- [What needs to be done]:
Only the lines below, from the one with "Castillo de Canena" through the one with "Omron Quattro 650H", are to be written out, exactly.

- [Supplied material]:
○ ○ ○ ○ ○
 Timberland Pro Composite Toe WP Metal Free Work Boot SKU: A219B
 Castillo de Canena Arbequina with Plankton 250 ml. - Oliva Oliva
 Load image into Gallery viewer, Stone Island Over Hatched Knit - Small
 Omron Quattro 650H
○ ○ ○ ○ ○
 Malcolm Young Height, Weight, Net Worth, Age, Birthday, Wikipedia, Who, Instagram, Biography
○ ○ ○ ○ ○
- [Response area]:
 Castillo de Canena Arbequina with Plankton 250 ml. - Oliva Oliva
 Load image into Gallery viewer, Stone Island Over Hatched Knit - Small
 Omron Quattro 650H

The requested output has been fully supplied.